-- SUPPLIED MATERIAL follows --
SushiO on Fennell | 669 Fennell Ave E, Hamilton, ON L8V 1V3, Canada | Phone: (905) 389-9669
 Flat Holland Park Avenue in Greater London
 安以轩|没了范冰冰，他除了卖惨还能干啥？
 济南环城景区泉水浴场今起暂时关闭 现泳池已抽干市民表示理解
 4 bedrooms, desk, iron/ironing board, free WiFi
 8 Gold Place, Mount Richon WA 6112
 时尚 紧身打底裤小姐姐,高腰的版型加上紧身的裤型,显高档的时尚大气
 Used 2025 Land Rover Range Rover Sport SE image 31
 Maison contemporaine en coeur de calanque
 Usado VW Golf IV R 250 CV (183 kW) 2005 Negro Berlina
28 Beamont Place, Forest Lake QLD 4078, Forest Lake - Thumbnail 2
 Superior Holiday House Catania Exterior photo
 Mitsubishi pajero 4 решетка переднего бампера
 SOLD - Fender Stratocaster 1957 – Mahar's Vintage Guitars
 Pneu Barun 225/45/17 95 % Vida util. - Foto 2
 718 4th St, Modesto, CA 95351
-- SUPPLIED MATERIAL concluded --
EXERCISE DIRECTIONS | Write out exactly, and only, each line from the one with "Maison contemporaine en coeur de calanque" down to the last line of the records above.

SOLUTION TO THIS TASK |
 Maison contemporaine en coeur de calanque
 Usado VW Golf IV R 250 CV (183 kW) 2005 Negro Berlina
28 Beamont Place, Forest Lake QLD 4078, Forest Lake - Thumbnail 2
 Superior Holiday House Catania Exterior photo
 Mitsubishi pajero 4 решетка переднего бампера
 SOLD - Fender Stratocaster 1957 – Mahar's Vintage Guitars
 Pneu Barun 225/45/17 95 % Vida util. - Foto 2
 718 4th St, Modesto, CA 95351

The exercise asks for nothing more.